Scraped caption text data
[Start of Attachment]
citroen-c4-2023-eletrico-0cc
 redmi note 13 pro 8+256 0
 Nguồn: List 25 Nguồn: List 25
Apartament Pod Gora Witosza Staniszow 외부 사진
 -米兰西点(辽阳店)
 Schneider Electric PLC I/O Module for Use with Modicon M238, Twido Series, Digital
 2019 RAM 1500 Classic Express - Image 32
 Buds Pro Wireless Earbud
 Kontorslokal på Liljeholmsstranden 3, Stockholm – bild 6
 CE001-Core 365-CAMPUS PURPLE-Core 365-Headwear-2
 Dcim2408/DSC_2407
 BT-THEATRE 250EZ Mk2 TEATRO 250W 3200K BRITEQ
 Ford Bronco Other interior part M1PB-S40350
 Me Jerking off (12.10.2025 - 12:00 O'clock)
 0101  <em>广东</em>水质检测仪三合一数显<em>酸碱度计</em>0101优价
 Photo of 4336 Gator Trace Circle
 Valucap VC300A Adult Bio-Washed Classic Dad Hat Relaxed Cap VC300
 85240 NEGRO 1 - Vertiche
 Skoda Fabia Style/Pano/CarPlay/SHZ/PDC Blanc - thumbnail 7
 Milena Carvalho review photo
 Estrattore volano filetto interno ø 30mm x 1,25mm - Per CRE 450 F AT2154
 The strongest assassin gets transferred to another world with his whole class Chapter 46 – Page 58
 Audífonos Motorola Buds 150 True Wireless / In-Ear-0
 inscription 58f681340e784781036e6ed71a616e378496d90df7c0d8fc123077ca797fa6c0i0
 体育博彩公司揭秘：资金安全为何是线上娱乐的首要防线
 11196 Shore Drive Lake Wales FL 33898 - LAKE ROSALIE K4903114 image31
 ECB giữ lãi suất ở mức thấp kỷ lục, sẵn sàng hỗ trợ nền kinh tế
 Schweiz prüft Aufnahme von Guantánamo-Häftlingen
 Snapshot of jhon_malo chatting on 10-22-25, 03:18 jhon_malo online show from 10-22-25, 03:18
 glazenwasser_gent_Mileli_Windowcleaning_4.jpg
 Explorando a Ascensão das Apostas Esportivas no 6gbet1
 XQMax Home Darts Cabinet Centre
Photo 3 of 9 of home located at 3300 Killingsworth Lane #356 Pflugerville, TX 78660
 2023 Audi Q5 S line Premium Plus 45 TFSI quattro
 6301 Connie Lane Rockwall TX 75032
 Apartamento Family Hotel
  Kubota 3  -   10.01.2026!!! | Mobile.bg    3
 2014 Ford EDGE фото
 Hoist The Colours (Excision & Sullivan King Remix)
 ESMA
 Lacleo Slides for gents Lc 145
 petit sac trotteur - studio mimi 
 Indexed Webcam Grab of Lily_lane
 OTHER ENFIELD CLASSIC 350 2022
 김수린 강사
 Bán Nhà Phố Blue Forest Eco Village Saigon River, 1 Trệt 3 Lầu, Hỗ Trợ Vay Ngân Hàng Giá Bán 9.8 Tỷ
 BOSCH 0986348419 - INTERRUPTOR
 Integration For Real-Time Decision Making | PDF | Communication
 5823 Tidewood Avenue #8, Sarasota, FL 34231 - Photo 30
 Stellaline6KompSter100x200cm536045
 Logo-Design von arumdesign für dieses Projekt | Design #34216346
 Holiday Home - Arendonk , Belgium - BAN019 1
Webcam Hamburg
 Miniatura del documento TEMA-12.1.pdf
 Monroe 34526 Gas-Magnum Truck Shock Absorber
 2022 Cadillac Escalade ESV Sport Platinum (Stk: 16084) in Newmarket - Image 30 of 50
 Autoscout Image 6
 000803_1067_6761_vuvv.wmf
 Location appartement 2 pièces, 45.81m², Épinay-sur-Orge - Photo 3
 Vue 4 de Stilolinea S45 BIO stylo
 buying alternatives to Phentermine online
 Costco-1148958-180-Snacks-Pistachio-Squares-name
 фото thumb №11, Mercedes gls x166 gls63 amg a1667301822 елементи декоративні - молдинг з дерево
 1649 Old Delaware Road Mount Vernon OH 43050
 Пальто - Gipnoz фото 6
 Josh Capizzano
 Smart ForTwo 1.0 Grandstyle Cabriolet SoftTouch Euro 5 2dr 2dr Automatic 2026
[End of Attachment]
--- Work order ---
Your response should be the lines above from the first to the one containing "Kontorslokal på Liljeholmsstranden", inclusive, each given exactly.

--- Response to the exercise ---
citroen-c4-2023-eletrico-0cc
 redmi note 13 pro 8+256 0
 Nguồn: List 25 Nguồn: List 25
Apartament Pod Gora Witosza Staniszow 외부 사진
 -米兰西点(辽阳店)
 Schneider Electric PLC I/O Module for Use with Modicon M238, Twido Series, Digital
 2019 RAM 1500 Classic Express - Image 32
 Buds Pro Wireless Earbud
 Kontorslokal på Liljeholmsstranden 3, Stockholm – bild 6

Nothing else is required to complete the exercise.